# need a small gas welding set, recommendations sought



## woodfarmer (28 Jul 2016)

Having just had a defibrillator fitted I find I cannot now use an electric welder. Used to using MMA but many years ago used oxy acetylene. is there such a thing these days for small odd bits of welding? PS I live in France.


----------



## Homers double (29 Jul 2016)

Hi mate 
Take a trip to your local castorama, I was in the Beziers store a few weeks ago and they sold a complete oxy / acetylene set up for about €200. 
Harvey


----------



## Myfordman (29 Jul 2016)

Casto want best part of 1000 euro just to get the bottles and gas according to their website.
A complete set up for 200 euro sounds very good. Might even have a look when I'm over later on in the year.
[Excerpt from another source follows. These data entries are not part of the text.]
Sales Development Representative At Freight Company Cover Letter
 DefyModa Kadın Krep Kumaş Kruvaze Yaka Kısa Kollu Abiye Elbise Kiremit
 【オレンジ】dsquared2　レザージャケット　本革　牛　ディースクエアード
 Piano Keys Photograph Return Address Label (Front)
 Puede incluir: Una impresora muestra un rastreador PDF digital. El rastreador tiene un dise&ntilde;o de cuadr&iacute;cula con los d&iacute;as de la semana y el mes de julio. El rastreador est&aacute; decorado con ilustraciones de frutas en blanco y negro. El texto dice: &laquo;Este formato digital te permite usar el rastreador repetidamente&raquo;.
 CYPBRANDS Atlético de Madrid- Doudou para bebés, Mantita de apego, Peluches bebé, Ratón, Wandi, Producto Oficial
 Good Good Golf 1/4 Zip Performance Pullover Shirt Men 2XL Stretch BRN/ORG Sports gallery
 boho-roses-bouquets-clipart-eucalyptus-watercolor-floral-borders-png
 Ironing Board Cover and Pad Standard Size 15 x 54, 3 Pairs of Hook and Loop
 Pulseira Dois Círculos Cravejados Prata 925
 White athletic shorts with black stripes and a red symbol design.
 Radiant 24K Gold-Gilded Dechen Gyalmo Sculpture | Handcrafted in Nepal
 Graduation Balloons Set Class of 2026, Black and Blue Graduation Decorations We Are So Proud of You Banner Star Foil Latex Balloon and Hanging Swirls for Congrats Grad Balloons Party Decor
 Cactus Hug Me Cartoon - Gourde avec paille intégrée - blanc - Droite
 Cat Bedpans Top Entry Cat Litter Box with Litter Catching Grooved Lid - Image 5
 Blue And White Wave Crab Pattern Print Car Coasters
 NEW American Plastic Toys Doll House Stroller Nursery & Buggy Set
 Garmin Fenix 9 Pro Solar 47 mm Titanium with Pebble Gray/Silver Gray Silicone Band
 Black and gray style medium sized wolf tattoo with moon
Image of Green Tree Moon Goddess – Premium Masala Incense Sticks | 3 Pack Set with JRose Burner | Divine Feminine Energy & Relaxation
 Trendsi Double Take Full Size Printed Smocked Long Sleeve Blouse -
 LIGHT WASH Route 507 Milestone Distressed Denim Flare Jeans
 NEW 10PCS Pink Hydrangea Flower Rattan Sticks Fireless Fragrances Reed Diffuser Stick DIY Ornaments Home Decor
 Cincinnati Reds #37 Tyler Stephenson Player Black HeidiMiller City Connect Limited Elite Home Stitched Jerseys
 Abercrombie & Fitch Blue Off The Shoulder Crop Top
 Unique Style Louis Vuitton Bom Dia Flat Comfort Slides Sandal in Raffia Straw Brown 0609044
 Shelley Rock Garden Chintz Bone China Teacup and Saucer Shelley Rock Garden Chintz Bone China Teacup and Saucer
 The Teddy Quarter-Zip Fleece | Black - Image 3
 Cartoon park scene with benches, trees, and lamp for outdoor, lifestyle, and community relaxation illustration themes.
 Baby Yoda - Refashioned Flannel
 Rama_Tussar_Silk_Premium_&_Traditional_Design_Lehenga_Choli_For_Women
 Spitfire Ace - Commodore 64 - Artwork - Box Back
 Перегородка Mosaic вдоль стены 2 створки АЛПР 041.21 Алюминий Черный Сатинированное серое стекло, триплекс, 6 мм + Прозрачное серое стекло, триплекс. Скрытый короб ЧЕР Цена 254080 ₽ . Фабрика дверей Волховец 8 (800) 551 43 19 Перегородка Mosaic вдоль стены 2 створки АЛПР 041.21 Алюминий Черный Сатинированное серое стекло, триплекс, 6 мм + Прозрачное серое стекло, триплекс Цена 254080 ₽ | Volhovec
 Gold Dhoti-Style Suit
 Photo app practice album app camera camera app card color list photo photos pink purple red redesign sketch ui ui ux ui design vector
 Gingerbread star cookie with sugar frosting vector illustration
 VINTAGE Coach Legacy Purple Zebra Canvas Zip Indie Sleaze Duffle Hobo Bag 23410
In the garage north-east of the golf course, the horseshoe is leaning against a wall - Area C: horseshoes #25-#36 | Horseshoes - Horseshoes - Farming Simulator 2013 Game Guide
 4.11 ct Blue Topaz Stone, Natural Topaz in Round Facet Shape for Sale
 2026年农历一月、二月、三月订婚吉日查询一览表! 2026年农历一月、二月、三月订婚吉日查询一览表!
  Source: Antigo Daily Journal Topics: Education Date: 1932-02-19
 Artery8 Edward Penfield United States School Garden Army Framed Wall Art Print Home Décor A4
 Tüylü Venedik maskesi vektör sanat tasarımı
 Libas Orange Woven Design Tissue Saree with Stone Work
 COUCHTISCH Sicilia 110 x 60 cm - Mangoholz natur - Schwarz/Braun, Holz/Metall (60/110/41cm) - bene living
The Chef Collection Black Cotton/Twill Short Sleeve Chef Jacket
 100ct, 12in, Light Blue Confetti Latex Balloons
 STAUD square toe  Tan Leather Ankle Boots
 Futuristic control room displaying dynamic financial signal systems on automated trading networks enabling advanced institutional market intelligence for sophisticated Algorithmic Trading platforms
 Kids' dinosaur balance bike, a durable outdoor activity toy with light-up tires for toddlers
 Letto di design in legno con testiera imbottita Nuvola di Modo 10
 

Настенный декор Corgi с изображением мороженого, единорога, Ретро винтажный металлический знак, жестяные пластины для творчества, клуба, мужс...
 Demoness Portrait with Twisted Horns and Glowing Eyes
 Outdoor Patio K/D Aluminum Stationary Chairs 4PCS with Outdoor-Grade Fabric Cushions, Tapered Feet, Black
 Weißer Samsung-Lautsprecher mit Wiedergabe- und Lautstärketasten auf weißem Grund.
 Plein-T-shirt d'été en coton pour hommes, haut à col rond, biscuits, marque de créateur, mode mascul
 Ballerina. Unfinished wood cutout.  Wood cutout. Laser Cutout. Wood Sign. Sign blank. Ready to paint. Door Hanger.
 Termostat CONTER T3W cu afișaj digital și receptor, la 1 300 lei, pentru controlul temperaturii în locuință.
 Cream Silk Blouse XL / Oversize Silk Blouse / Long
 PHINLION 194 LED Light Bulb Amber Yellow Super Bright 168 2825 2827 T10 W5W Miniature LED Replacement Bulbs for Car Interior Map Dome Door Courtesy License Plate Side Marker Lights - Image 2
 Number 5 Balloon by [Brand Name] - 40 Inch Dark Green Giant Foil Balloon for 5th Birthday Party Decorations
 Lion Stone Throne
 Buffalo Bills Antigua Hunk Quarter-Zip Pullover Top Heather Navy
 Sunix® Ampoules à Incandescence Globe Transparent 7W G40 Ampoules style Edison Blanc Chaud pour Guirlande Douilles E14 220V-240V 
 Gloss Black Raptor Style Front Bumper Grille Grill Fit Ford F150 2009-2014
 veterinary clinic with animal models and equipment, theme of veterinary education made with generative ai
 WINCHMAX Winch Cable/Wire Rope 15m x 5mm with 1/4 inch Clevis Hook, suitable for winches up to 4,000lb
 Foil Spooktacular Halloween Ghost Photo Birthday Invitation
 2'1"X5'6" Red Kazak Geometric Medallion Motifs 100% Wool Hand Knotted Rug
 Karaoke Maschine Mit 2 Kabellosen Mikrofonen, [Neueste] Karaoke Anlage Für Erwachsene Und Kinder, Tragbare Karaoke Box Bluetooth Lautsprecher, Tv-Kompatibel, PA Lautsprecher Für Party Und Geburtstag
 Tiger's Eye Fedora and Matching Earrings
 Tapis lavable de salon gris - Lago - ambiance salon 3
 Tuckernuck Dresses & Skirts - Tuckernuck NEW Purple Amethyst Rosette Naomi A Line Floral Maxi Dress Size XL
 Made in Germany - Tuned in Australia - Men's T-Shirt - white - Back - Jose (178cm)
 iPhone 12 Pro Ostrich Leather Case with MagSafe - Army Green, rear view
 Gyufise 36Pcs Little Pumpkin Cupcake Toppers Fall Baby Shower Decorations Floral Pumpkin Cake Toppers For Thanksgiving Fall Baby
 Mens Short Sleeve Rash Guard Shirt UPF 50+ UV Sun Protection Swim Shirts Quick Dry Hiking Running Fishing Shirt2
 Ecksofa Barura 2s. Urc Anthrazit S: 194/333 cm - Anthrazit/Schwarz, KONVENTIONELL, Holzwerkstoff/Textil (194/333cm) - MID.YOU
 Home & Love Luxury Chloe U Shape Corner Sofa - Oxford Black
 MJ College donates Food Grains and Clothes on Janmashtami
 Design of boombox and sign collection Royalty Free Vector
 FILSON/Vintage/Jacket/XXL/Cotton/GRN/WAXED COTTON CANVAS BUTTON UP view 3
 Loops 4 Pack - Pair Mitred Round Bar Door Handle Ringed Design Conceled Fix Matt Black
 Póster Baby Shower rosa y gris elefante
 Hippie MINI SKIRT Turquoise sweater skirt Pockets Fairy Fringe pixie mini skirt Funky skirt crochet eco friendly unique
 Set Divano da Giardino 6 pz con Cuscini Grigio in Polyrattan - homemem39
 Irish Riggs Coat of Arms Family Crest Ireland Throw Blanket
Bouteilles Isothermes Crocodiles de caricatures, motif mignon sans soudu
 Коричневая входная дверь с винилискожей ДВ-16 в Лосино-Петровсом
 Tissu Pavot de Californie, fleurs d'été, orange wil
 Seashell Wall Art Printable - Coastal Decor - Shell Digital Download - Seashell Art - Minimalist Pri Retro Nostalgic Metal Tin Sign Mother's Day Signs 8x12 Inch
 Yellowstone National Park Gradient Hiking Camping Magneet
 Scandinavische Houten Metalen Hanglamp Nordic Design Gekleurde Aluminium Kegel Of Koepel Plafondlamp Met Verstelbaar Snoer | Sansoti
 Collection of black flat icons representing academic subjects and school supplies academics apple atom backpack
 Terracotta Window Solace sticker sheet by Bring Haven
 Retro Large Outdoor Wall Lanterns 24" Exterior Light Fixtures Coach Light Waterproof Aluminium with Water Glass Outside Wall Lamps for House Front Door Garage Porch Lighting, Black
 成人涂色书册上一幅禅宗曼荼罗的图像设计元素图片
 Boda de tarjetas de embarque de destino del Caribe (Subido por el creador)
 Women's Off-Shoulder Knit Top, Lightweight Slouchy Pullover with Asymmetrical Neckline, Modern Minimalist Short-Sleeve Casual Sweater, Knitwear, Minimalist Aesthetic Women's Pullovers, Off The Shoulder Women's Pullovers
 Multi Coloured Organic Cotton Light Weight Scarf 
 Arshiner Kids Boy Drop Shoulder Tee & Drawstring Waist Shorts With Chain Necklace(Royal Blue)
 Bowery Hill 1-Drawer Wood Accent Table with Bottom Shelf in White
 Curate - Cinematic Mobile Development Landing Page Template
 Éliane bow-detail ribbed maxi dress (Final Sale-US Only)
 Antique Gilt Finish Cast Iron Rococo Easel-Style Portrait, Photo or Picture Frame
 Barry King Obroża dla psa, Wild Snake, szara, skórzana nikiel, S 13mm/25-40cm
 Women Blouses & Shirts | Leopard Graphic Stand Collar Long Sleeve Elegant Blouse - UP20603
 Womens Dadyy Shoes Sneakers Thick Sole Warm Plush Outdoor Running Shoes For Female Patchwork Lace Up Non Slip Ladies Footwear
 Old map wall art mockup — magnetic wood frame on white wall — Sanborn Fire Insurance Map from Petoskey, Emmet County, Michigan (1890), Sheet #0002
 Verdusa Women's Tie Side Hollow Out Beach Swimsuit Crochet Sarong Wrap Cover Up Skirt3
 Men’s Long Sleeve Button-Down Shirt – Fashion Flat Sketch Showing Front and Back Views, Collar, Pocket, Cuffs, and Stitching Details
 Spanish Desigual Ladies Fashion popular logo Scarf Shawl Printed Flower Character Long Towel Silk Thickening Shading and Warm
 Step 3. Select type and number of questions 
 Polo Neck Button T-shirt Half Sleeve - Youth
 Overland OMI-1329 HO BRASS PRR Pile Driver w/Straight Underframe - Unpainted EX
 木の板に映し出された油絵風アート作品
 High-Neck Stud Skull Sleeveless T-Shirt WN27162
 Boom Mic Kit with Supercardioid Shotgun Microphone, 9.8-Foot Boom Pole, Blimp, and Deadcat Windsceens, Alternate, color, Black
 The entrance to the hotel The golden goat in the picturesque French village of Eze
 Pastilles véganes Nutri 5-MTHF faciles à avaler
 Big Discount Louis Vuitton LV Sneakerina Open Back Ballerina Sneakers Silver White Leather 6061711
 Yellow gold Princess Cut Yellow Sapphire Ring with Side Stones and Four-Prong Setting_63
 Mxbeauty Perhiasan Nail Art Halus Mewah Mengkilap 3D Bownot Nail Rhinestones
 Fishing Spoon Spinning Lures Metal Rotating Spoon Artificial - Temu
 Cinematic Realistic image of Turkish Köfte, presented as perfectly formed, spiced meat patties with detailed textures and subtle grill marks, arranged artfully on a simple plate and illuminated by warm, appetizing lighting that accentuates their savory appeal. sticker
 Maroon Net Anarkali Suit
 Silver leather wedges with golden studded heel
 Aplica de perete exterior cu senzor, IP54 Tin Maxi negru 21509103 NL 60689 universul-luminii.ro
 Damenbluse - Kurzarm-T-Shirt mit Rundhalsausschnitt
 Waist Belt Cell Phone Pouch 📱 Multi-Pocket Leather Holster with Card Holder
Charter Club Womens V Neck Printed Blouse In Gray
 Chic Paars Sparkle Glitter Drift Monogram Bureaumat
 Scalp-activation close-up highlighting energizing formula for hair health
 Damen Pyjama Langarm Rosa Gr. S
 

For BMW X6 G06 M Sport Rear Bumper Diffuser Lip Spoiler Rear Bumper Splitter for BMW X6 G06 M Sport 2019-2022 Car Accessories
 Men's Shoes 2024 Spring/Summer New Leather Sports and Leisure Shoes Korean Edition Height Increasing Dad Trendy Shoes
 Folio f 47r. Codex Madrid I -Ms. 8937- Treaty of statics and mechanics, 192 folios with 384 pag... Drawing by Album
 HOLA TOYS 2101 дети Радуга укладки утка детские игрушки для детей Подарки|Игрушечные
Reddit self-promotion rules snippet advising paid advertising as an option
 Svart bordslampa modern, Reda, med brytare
This looks a bit better http://www.mr-bricolage.fr/poste-a-soud ... -500l.html


----------



## graduate_owner (29 Jul 2016)

You can get rent free bottles of oxygen and acetylene these days, so you don't have to go with BOC etc. Refundable deposit. Around £200 for deposit p!us gas for both gases, plus of course cost of torch, nozzles, pipes and flashback arrestors. These often come up on fleabay, but new flashback arrestors would probably be sensible. Remember never use copper tube to join pipes.

K


----------



## flh801978 (30 Jul 2016)

Wow where can you get rent free acetylene from ?
Ian


----------



## Hitch (30 Jul 2016)

You might want to check your home insurance- I doubt many cover you for having Acetylene cylinders...


----------



## graduate_owner (30 Jul 2016)

Regarding acetylene, Roman Solutions in Llandovery supply it and they are agents for Industrial Gases Ltd. They can supply large or small cylinders ( as well as oxygen, nitrogen and various grades if argon mix).
Regarding insurance, I can't really say and I suppose different companies will have different views on it. I did contact the local fire brigade to ask about acetylene storage and they said there would be no problem as long as I observed the correct handling proceedures. 

K


----------



## Myfordman (30 Jul 2016)

Industrial Gases based in Hereford, seem to be a small outfit without even a website so it maybe that this deposit only arrangement it quite localised.


----------



## Hitch (30 Jul 2016)

Have a look at http://www.hobbyweld.co.uk/ Not much use in France i'm afraid W.f.


----------



## woodfarmer (1 Aug 2016)

Tried a big tool shop, big money 885.00. Our local Bricolage didn't have any gas sets. will try to make an outing to look in a Castorama. Thanks guys.


----------



## graduate_owner (3 Aug 2016)

You could try telephoning Roman Solutions to ask them for the details of the supplier. 01550 720533. I know they don't refill bottles themselves so they must have a supplier. 

K


----------



## woodfarmer (3 Aug 2016)

Located a couple, Local Brico Depot has little oxy propane sets for 105 euros, but cheapest acetylene I have found so far is about 500. Might just have to settle for silver soldering and brazing.


----------



## graduate_owner (3 Aug 2016)

For anyone who is interested, this is the phone number of Industrial Gases (UK) Ltd , taken from the argon bottle I have.

01432 279280.

K


----------



## woodfarmer (17 Aug 2016)

Thanks guys, My internet phone has been down again for a few weeks, Internet came back on today, had the phone since last Friday. In the end I bought one of these http://www.leroymerlin.fr/v3/p/produits ... 220-e66652 although from a different shop. Seems good for soldering and brazing but not for welding steel which is a bit sad as I have lots of stainless steel welding rods


----------



## DennisCA (24 Aug 2016)

These guys are in a buncha different countries:
http://albee-webshop.airliquide.com/AW2_LandingPage

I could've gotten 10l acetylene and oxygen bottles for 600 euros at the local air liquide supplier last time. refills 50/70 euros therefter depending on gas. I never struck though, instead I bought a stick/TIG machine so now I need argon instead.


----------